Mazda BT-50 XT-R ute
The town of Boort in regional Victoria would have to be one of the few places in Australia where you can wake to the sound of gunfire and not think that you are about to be the victim of a home invasion.
However, my sleep-addled and rather disoriented brain didn’t really compute this as I instinctively dived to the floor and rolled under the bed.
It took a couple of seconds for my senses to catch up with the fact that I was rolling around in the dust bunnies for no real reason as what sounded like an artillery barrage rattled the windows of my hotel room.
Clearly I’m hero material.
It was, of course, actually the start of duck hunting season. Once I realised this I managed to extract myself from what turned out to be an alarmingly narrow space under the bed.
The dust bunnies, however, persisted, clinging to my exposed skin, and a glance in the mirror revealed a visage not unlike that of a Wookie with mange.
With the adrenaline from my rude awakening now fading, it was clearly time to hit the shower.
In the past I’ve devoted quite a few unkind words to describing the styling of the Mazda BT-50. I’ve even indicated it’s something of a value proposition for those who don’t really care what their ute looks like. A purely function-over-form decision.
Well, during the previous evening, the guys outside the Railway Hotel in Boort seemed to disagree. In fact, a couple even used bad words in my direction. In the face of such vehement opposition I have to admit that I was forced to see the Mazda ute in a different light.
(This new appreciation for the BT-50 may or may not have had something to do with the proliferation of firearms within the town limits.) NOT TOO SHABBY Sure, the BT-50 isn’t new.

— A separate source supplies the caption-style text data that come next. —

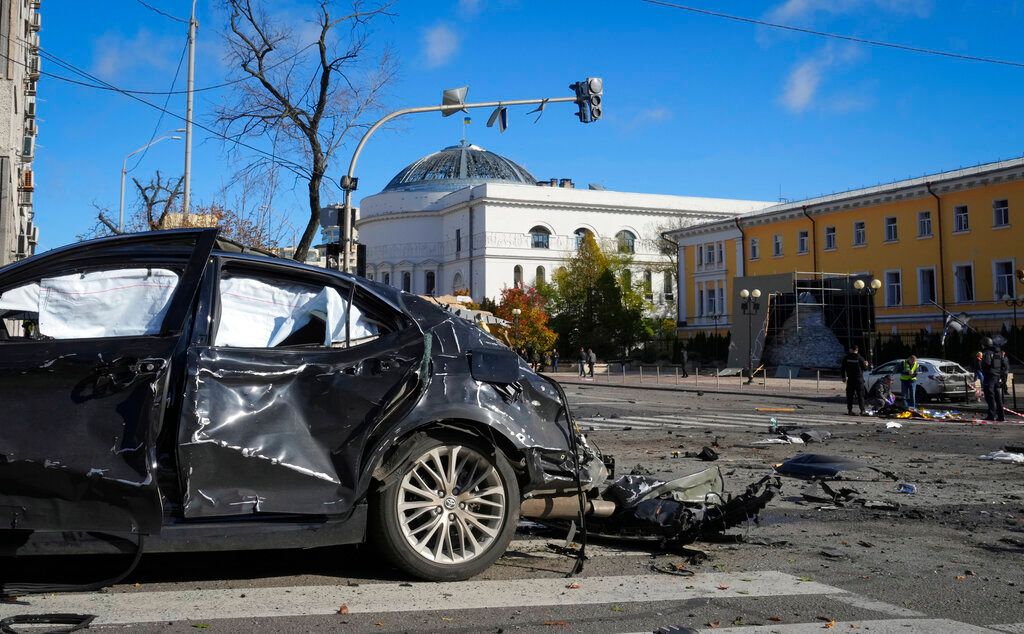 ▲烏克蘭首都基輔繼上週遭飛彈砲擊後，又遭多架無人機攻擊。（圖／美聯社／達志影像）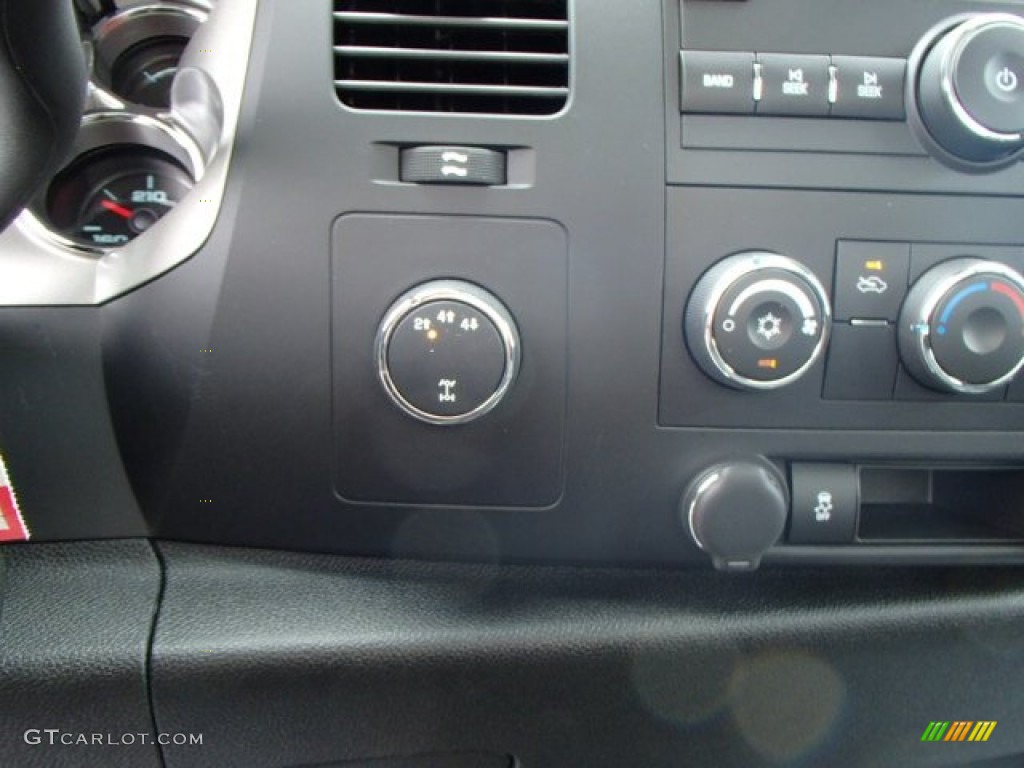 2014 Chevrolet Silverado 2500HD LT Regular Cab 4x4 Controls Photo #82760744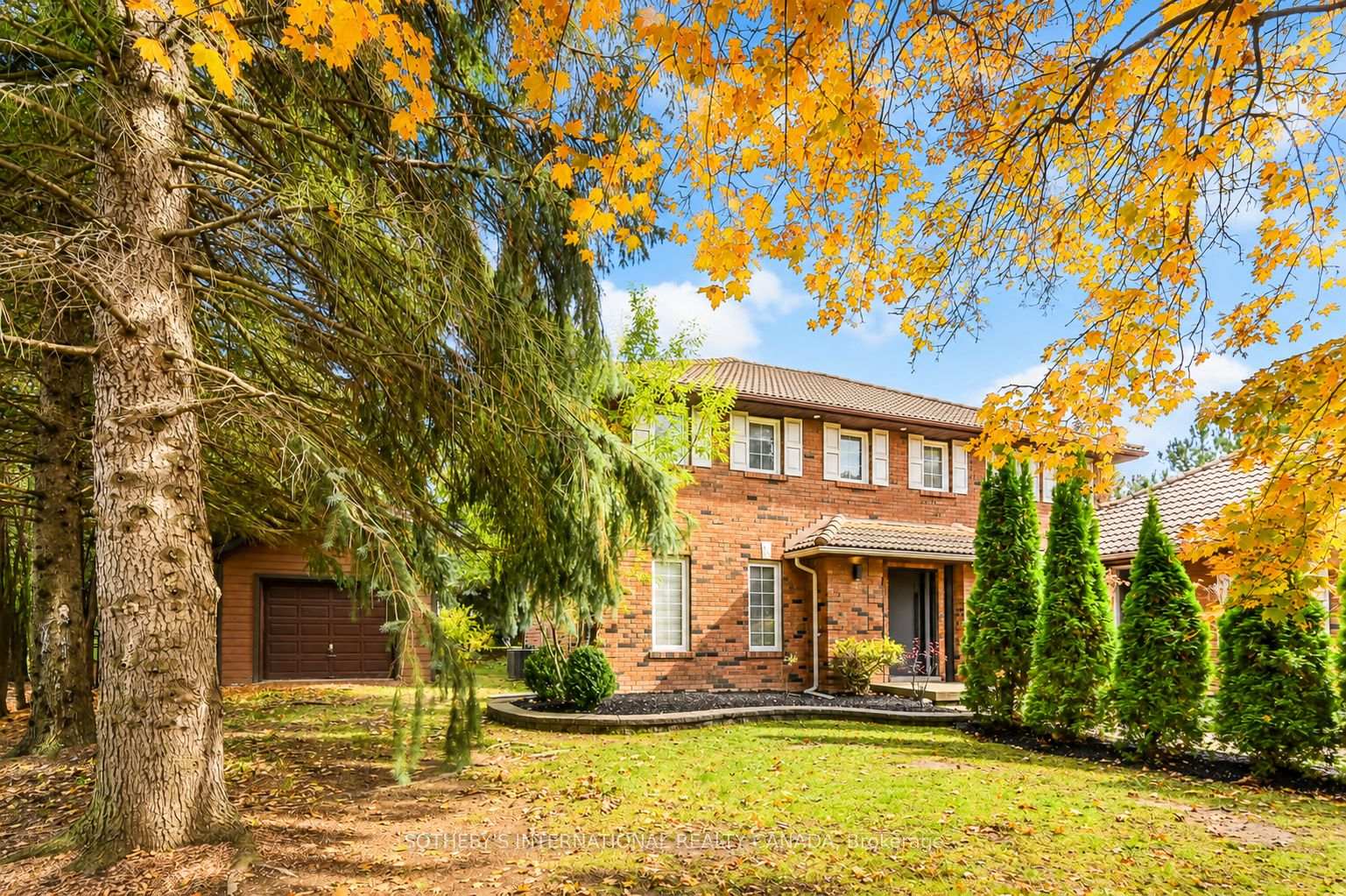 23 Hill Farm Road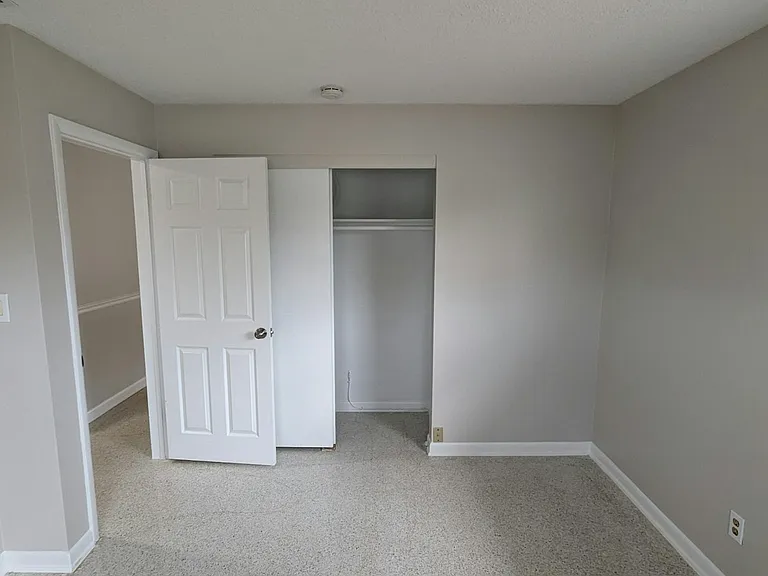 1580 Andover Dr — Photo 8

This current generation shares its platform with the Ford Ranger, which must smart a bit for the Zoom-Zoom company.
For over three decades, Ford was dependent on Mazda for its commercial vehicle platforms. The one time that Mazda uses the Ford platform it’s left looking dowdy, while the Ranger looks set to dominate the ute market locally.
This particular BT-50 XT-R, I have to admit, doesn’t look half bad. The addition of the blacked-out bar, light-force driving lights and the blacked-out fake beadlock 17-inch rims does give this Mazda a tougher, more purposeful look.
Early bar work for the BT-50 tended to make it look like it was wearing grandma’s glasses. ON THE ROAD
I’d stopped overnight in Boort on the road to Quambatook – the reason being that I was going to be picking up a minimodified pull tractor to take to the Diesel and Dirt Derby in Keith, South Australia.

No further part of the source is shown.